We can run through example after example. (Or, if you wish to note the irony, anecdote after anecdote.) Trump claims, without evidence, that millions of people voted illegally in the 2016 election; a few examples of fraudulent votes and an unrelated report are offered as proof that it may have occurred. Trump claims that his phones were wiretapped during the campaign; with no evidence to bolster his case, news reports about unrelated surveillance become the evidence that this is probably true. Trump gave very little to charity before running for president but cites a grudging donation last year as evidence of his generosity. On any number of occasions, Trump’s explanation for presenting something as fact was that “many people say” it’s true.
Much of this anecdotal rebutting is done by Trump aides rather that Trump himself. White House press secretary Sean Spicer claimed during Monday’s news briefing that there was “no question that there have been a number of reports” about alleged wiretapping. Presidential adviser Kellyanne Conway went on TV on Monday morning to explicitly state that her job wasn’t “having evidence.” Which it isn’t, in the Trump White House. Her job is to rebut critiques of the president, and her preferred method, like her boss’s, is to point out isolated ways in which the critique leveled at him might be leveled at other people, too. To offer an anecdote to rebut a trend.
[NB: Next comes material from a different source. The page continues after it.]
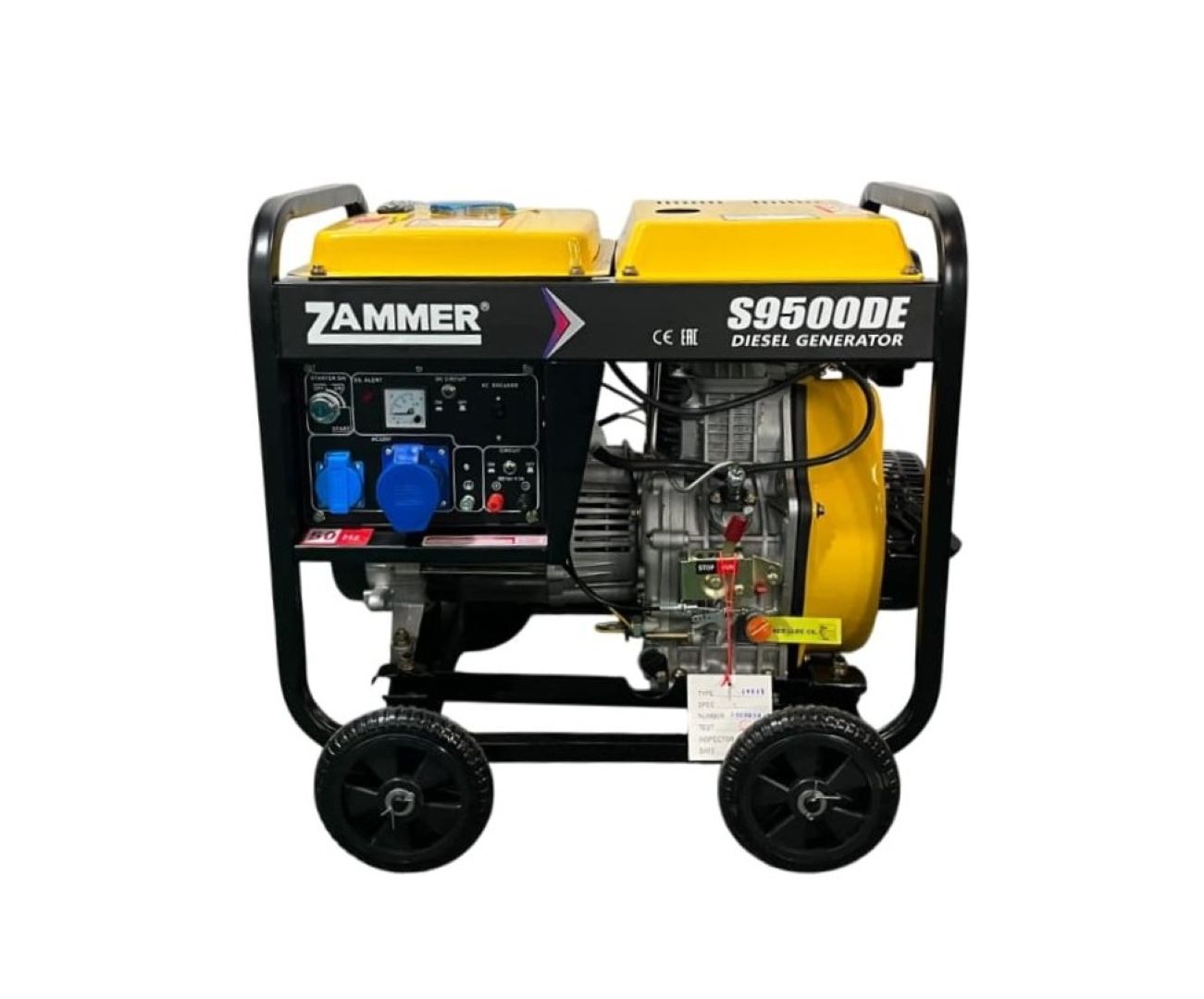 s9500de-1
It flows outward from there. CNN’s Trump advocates talk nearly as much about what president Barack Obama did as what Trump is doing. On social media, any story about Trump that can be viewed at all negatively is met with a prepackaged rejoinder. Social media’s perfect for this, of course; Twitter is a natural talking-point regurgitation machine. Whattabout Obama’s vacations? Whattabout this lady arrested for fraud in Texas? Whattabout this crime committed by an illegal immigrant? The inability to engage in robust debate on social media coupled with willfully false data and a general skepticism about the media has made the tactic particularly effective in this political moment. Trump, more than any other politician, is a product of and a participant in the world of social media political debate. It’s only natural that he’d embrace its trademark rhetorical process.
The big question is the extent to which Trump realizes that he’s stacking the deck in his arguments. When he presents undocumented people as criminals or Obamacare as uniformly being a disaster, is he aware that this is rhetoric, or is this actually his belief? If it’s the former, that’s one thing, leaving open the possibility that his decision-making is based on sound analysis. If it’s the latter, that becomes less likely.
There’s at least one reason to suspect that Trump might sincerely consider expert analysis and data unreliable: the results of the election themselves. Polling suggested that Trump would lose the election and, although it was correct that he lost the popular vote, polling in key states meant that he defied the odds. If the experts said he was going to lose based on the data but Trump kept hearing from people that he would win, why should he trust the experts? Why trust the data? Why isn’t it just as valuable to pick out this one story as evidence that I’m right, just as I was right before Nov. 8?
The answer is that relying on isolated examples allows someone to reinforce their beliefs as opposed to confronting the reality of a problem. That’s why it’s a tremendously effective tool for politics. It’s not, however, a good tool for crafting policy.